Extracted data entries:

........

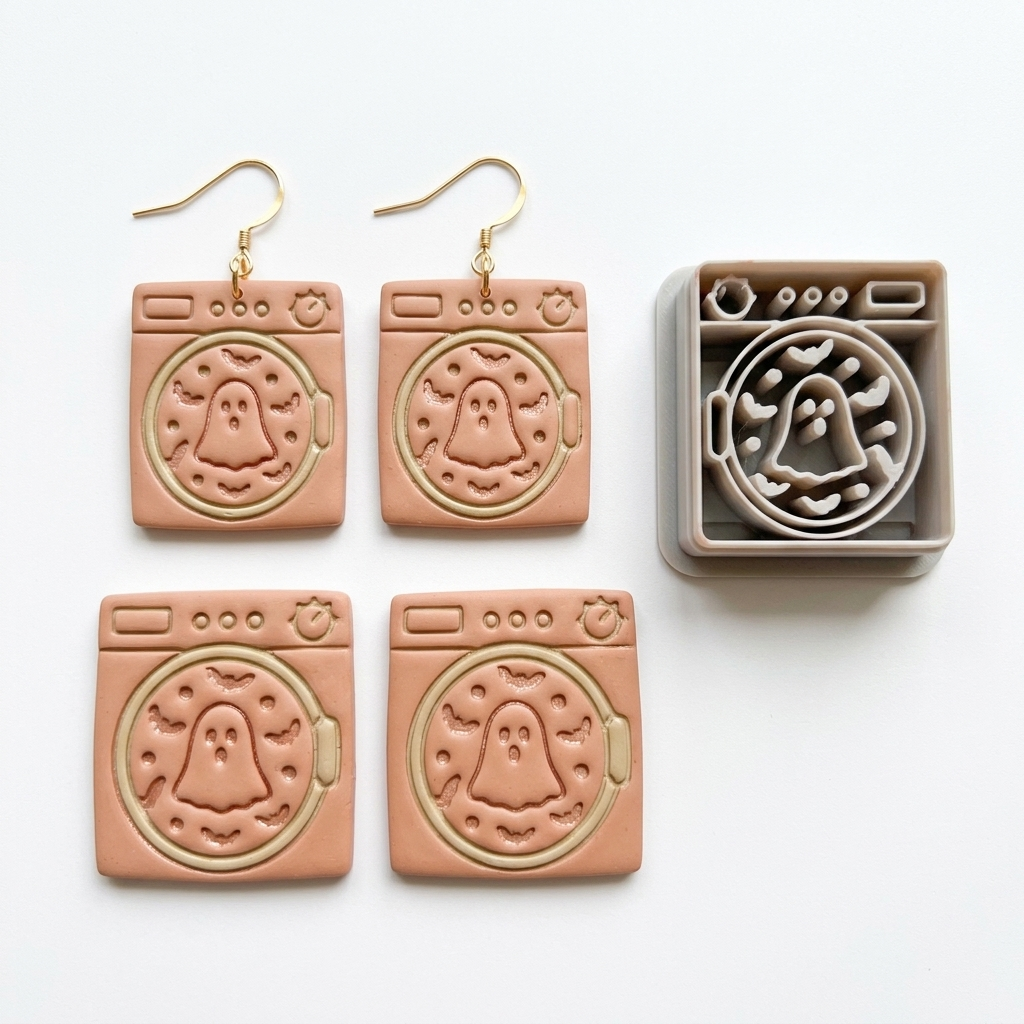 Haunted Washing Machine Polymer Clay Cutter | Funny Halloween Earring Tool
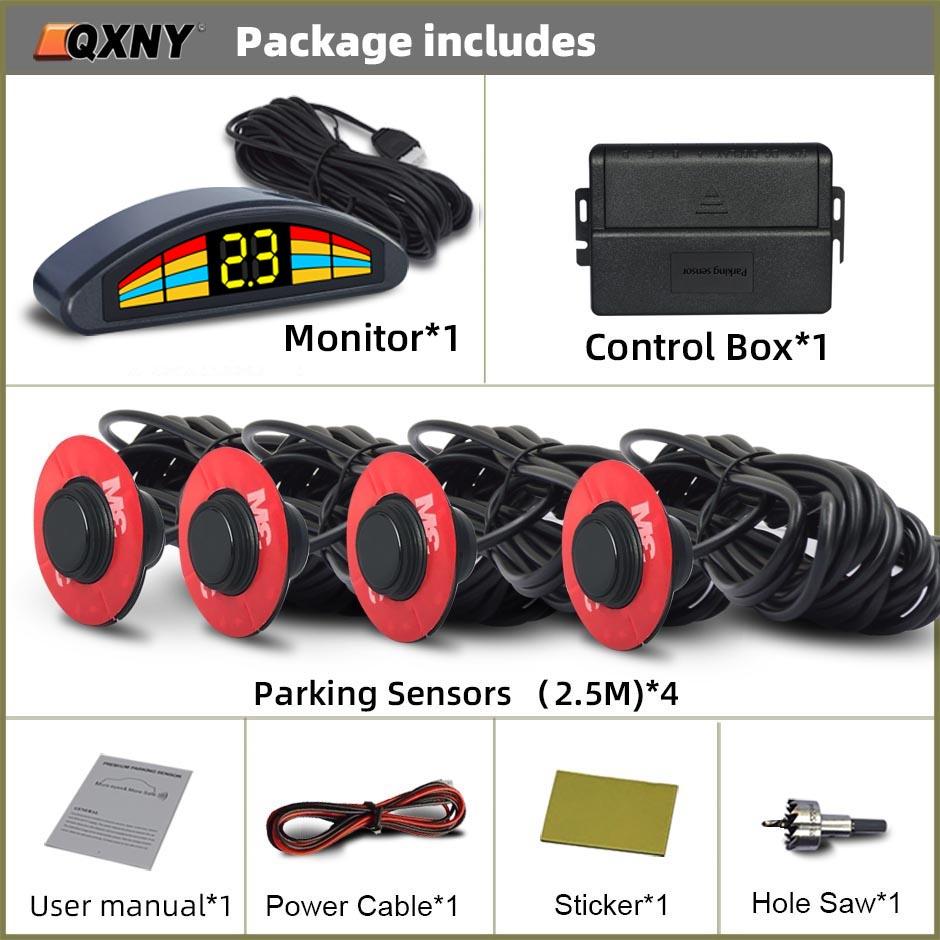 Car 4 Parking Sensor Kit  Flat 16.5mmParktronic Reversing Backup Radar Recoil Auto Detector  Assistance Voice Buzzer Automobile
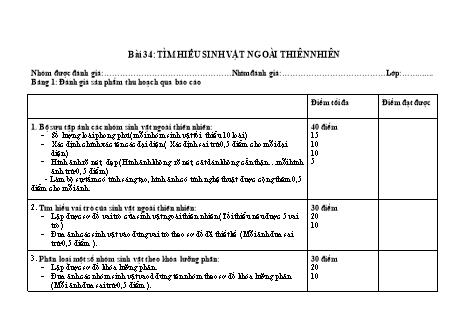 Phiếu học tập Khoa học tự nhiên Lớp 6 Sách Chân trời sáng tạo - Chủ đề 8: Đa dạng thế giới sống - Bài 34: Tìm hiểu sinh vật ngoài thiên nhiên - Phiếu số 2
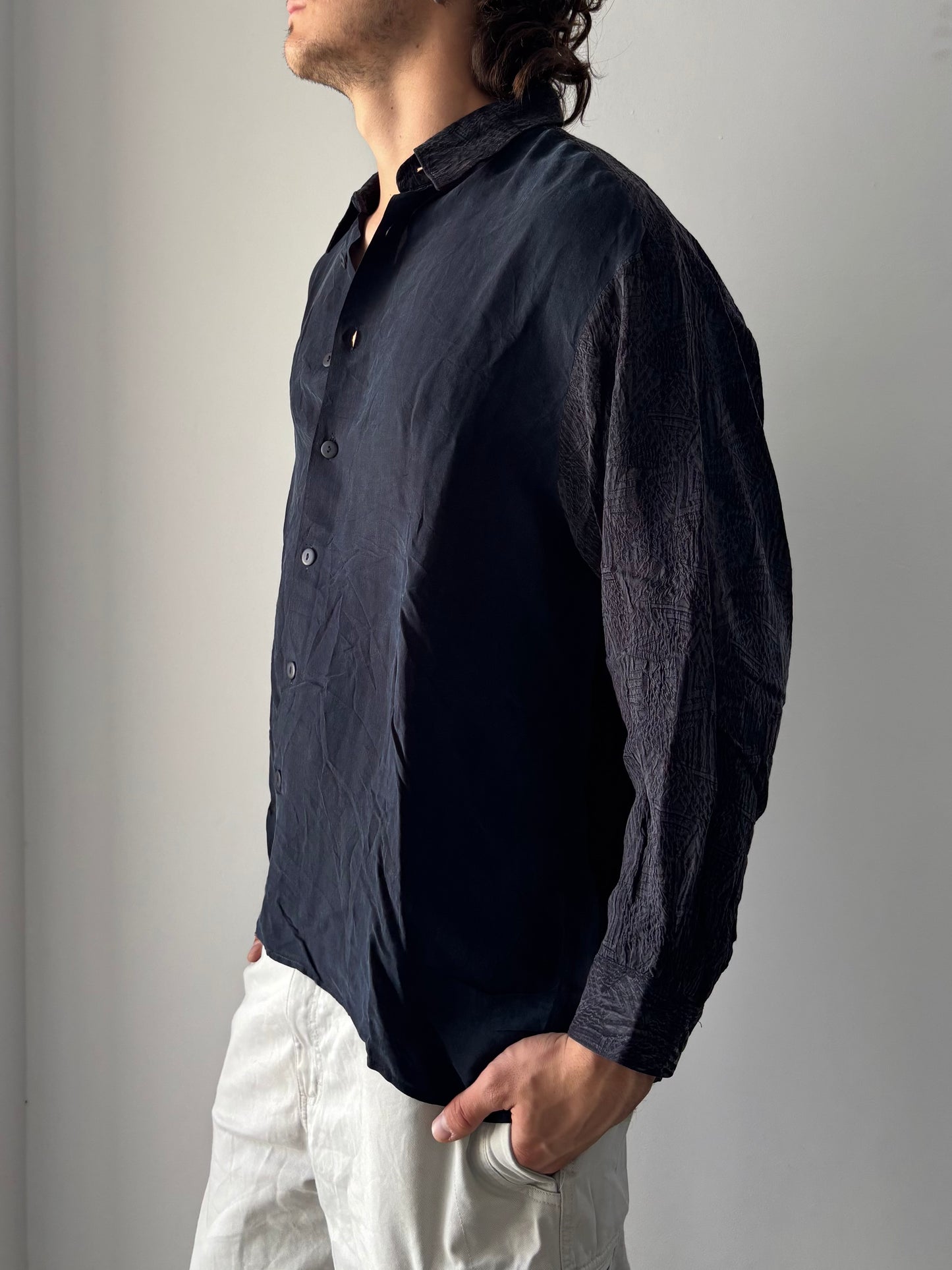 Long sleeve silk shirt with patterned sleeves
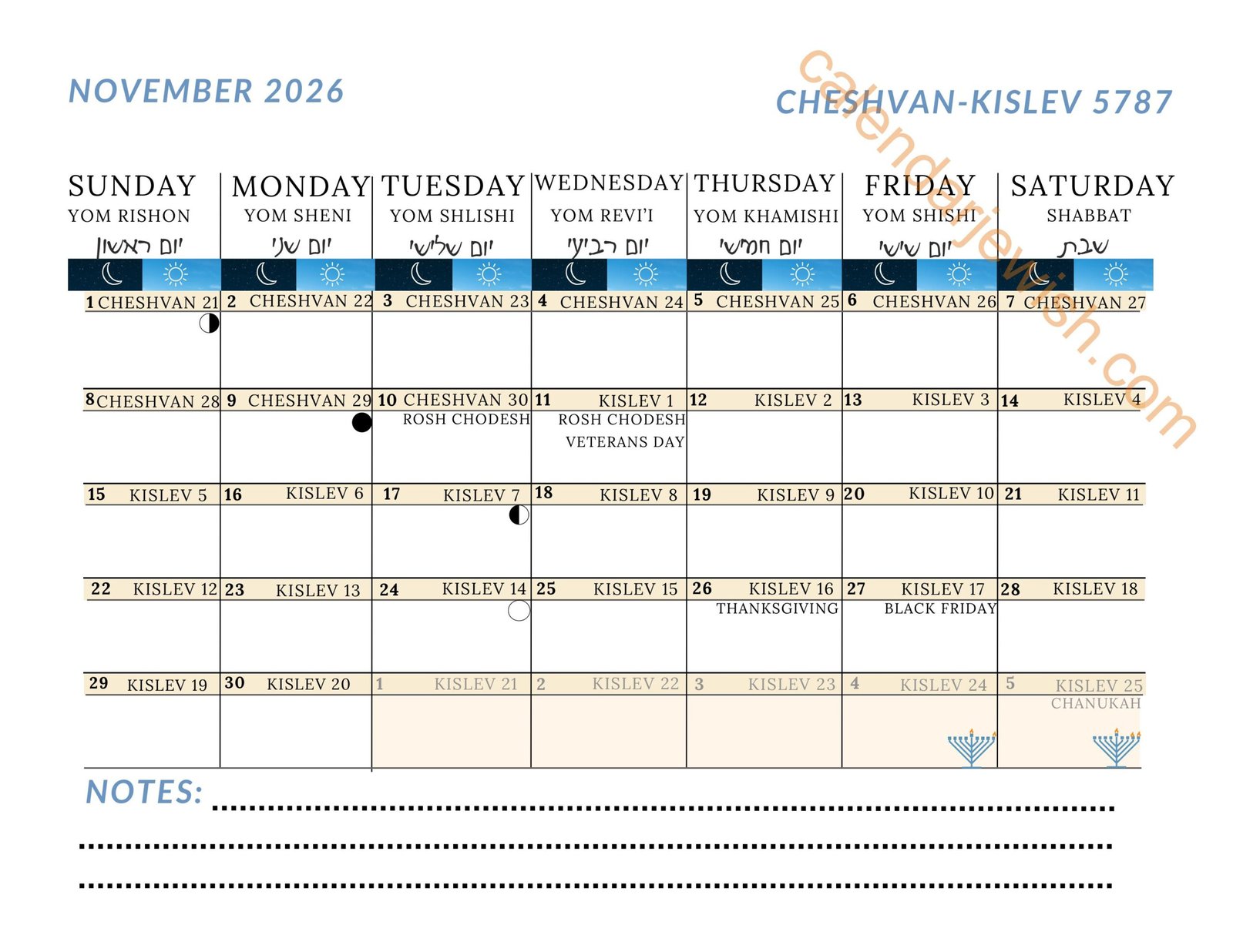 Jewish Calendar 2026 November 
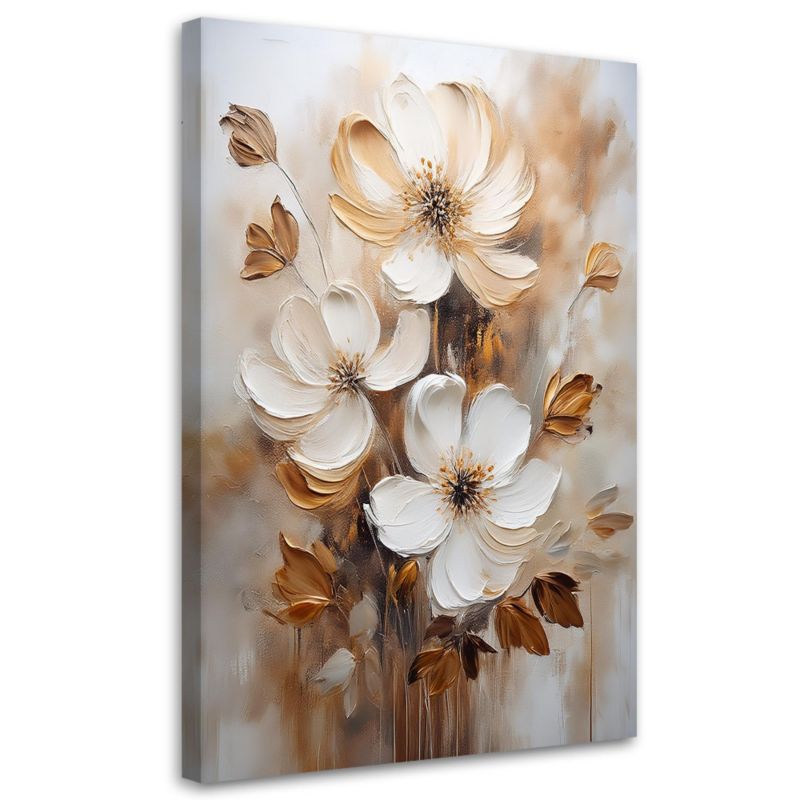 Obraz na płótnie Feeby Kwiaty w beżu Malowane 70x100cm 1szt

........

▶ Exercise details:
Transcribe only this stretch of the data: the line with "Phiếu học tập", the line with "Jewish Calendar 2026 November", and every line in between. Leave out the pictures.

▶ Problem solution:
 Phiếu học tập Khoa học tự nhiên Lớp 6 Sách Chân trời sáng tạo - Chủ đề 8: Đa dạng thế giới sống - Bài 34: Tìm hiểu sinh vật ngoài thiên nhiên - Phiếu số 2
 Long sleeve silk shirt with patterned sleeves
 Jewish Calendar 2026 November 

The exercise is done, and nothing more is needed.